Exercise data: Begin

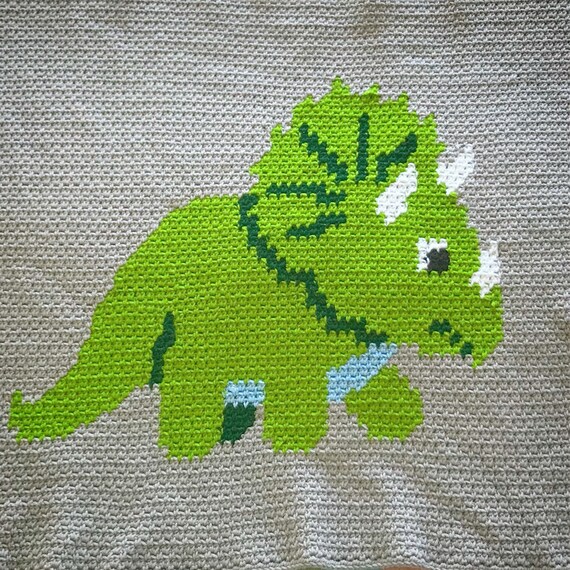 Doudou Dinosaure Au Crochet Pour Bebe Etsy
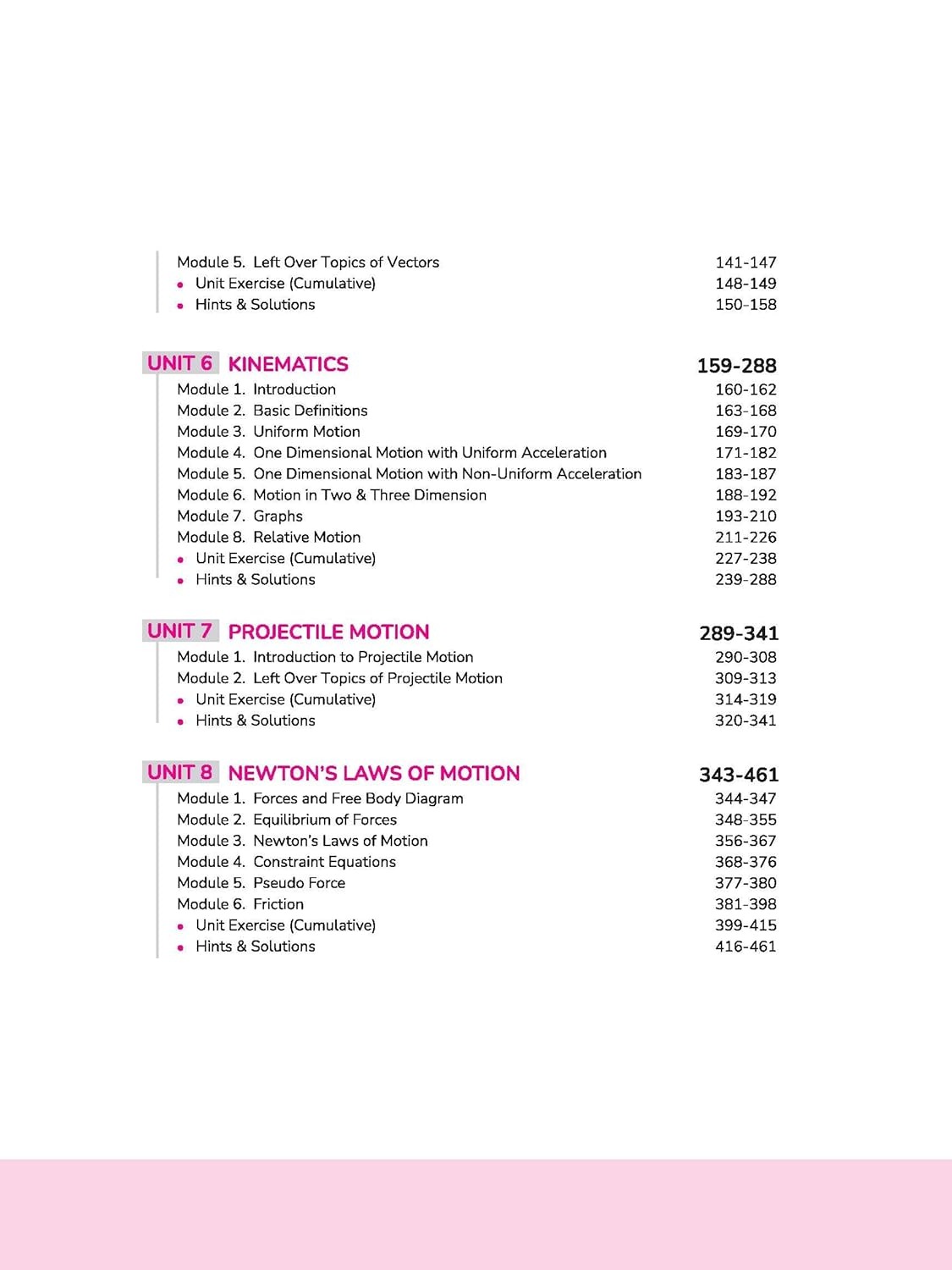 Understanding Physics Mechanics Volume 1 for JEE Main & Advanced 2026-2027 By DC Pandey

Exercise data: End
Exercise data: Begin

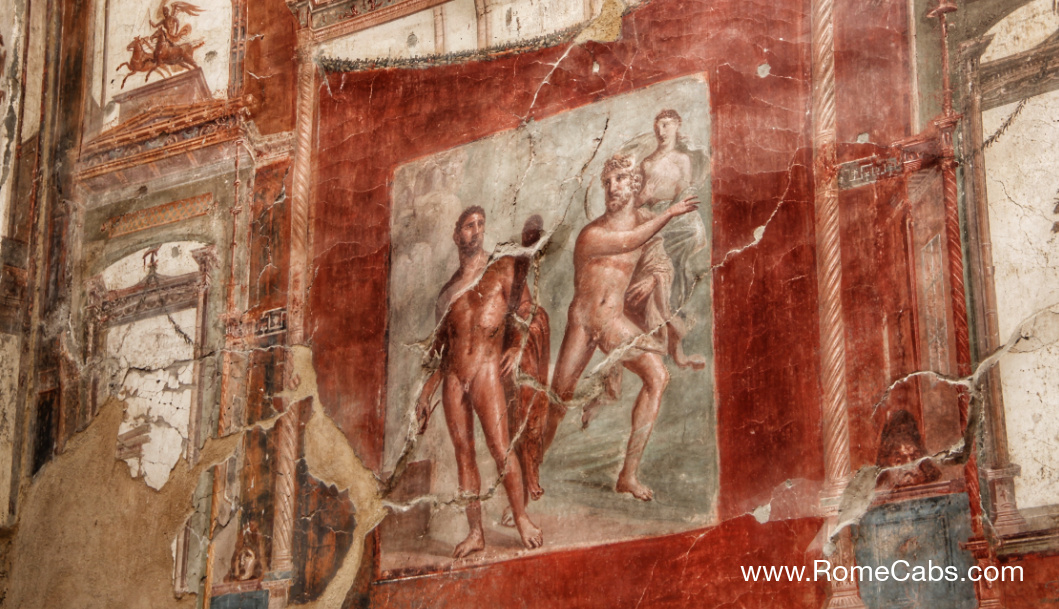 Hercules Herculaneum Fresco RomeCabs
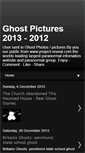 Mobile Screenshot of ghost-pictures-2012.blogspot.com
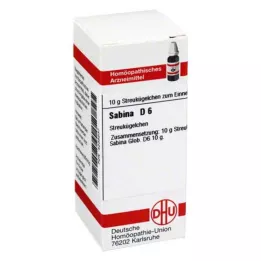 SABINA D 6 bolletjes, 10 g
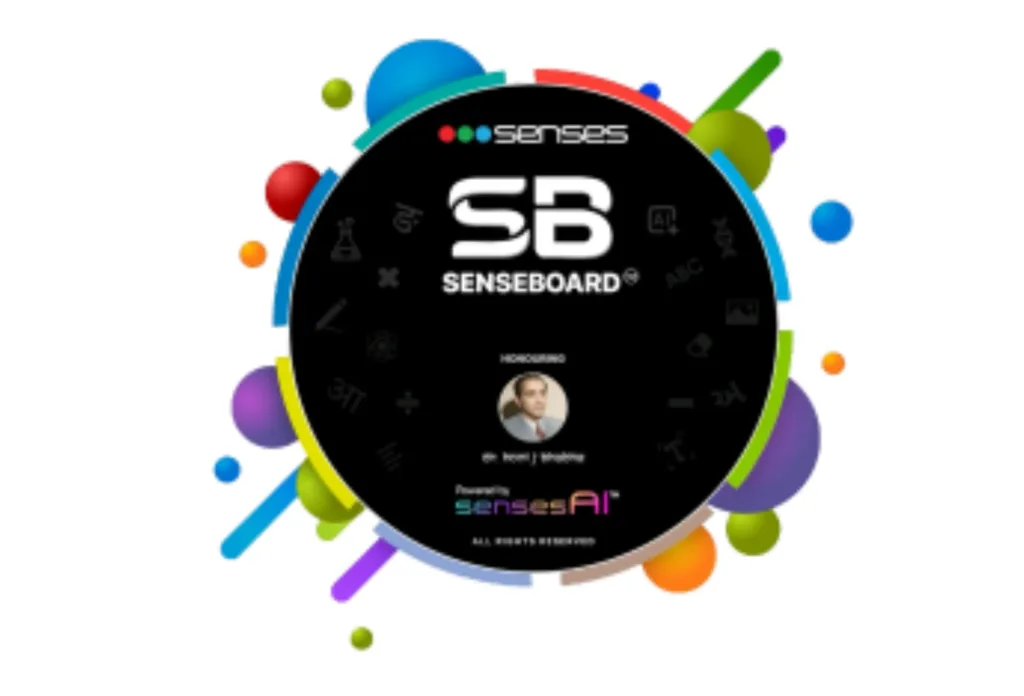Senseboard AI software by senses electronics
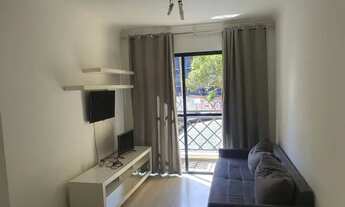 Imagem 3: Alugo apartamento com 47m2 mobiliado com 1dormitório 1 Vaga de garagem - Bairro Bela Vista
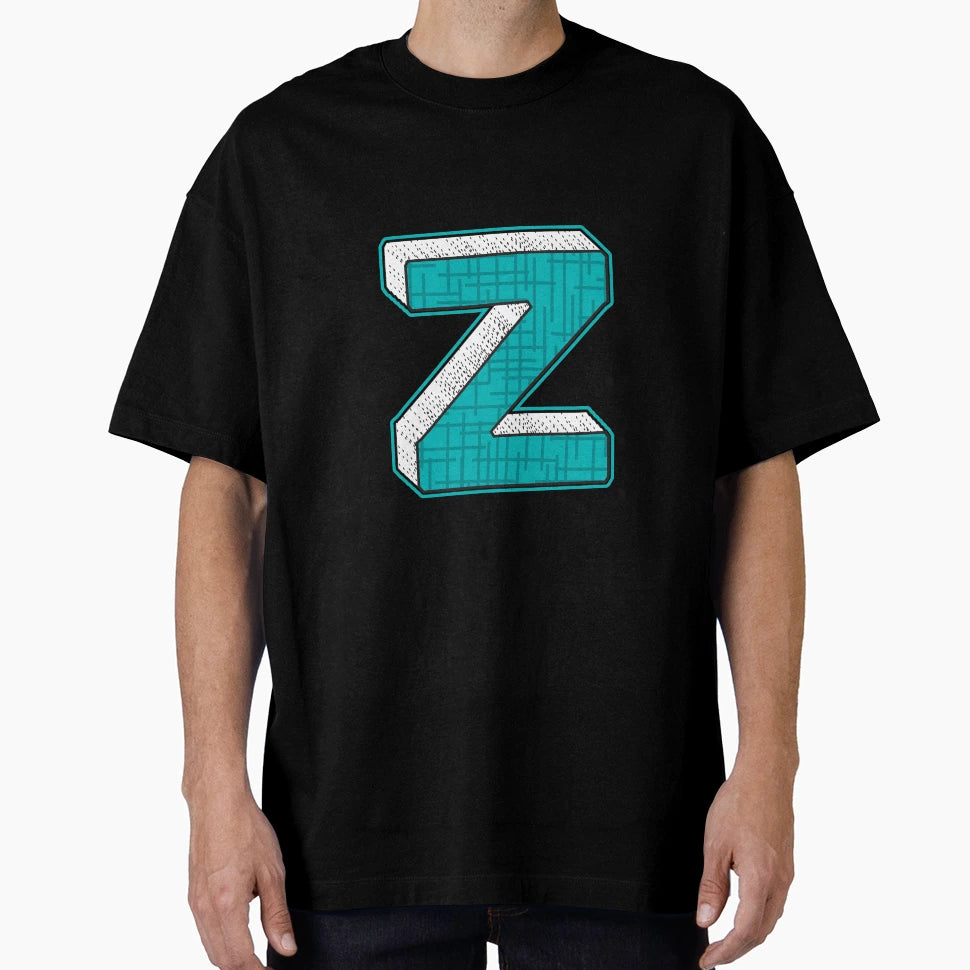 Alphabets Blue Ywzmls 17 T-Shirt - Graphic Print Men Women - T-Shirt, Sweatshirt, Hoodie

Exercise data: End
Exercise data: Begin

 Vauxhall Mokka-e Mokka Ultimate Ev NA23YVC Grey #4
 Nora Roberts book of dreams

Exercise data: End

**Problem details:** Set down again, word for word, every line from the one with "SABINA D 6 bolletjes, 10 g" to the one with "Alphabets Blue Ywzmls" in the entries above, and omit the pictures.

**Your solution:**
 SABINA D 6 bolletjes, 10 g
Senseboard AI software by senses electronics
 Imagem 3: Alugo apartamento com 47m2 mobiliado com 1dormitório 1 Vaga de garagem - Bairro Bela Vista
 Alphabets Blue Ywzmls 17 T-Shirt - Graphic Print Men Women - T-Shirt, Sweatshirt, Hoodie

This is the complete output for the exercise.